News broke Wednesday that a second prisoner in the Baltimore police transport van with Freddie Gray reported that he heard Gray slamming himself around inside the vehicle in order to “injure himself.” Now that prisoner has gone public with his story.
The tidbit of information was released by The Washington Post on Wednesday from a leaked document that was part of the internal investigation being conducted by the Baltimore police.
The document revealed that a prisoner who was also in the police van heard Gray slamming himself around and told police that he felt Gray was “trying to injure himself.” The prisoner only heard the din because he was separated from Gray by a solid steel partition.
The Post story did not name this second prisoner, but now that man has come forward and has revealed himself to be West Baltimore resident Donta Allen.
Allen says that he was picked up by police on April 12 on suspicion of shoplifting. When police ushered him into the van, Freddie Gray was already in his section of the vehicle.
“When I got in the van, I didn’t hear nothing,” Allen said. “It was a smooth ride. We went straight to the police station. All I heard was a little banging for about four seconds. I just heard little banging, just little banging.”
Allen went on to say that when police asked him further questions that day, he told them he doesn’t work for them so he wouldn’t tell them anything more.
Medical experts say that Gray’s body did not have the sort of injuries that might suggest he bashed his head repeatedly on the walls of the van, but that his injury is more indicative of a sudden impact like that from a car accident.

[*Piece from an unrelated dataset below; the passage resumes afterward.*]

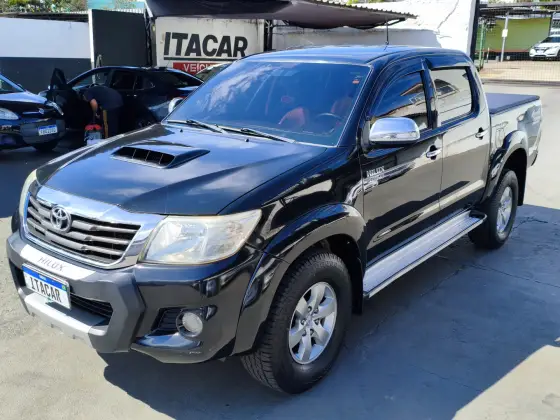 TOYOTA HILUX 3.0 SRV 4X4 CD 16V TURBO INTERCOOLER DIESEL 4P AUTOMÁTICO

Allen went on to tell the media what happened once they arrived at the station. “When we got to the police station,” he said, “they said he didn’t have no pulse or nothing. They called his name, ‘Mr. Gray, Mr. Gray.’ And he wasn’t responsive.”
The New York Times spun its story as a tale of police brutality saying that the Baltimore police have a “tradition” of giving perps a rough ride in the police wagons—what the Times called a “nickel ride.”
But importantly, Allen did not claim himself that the police abused Gray or that the ride was unusually rough.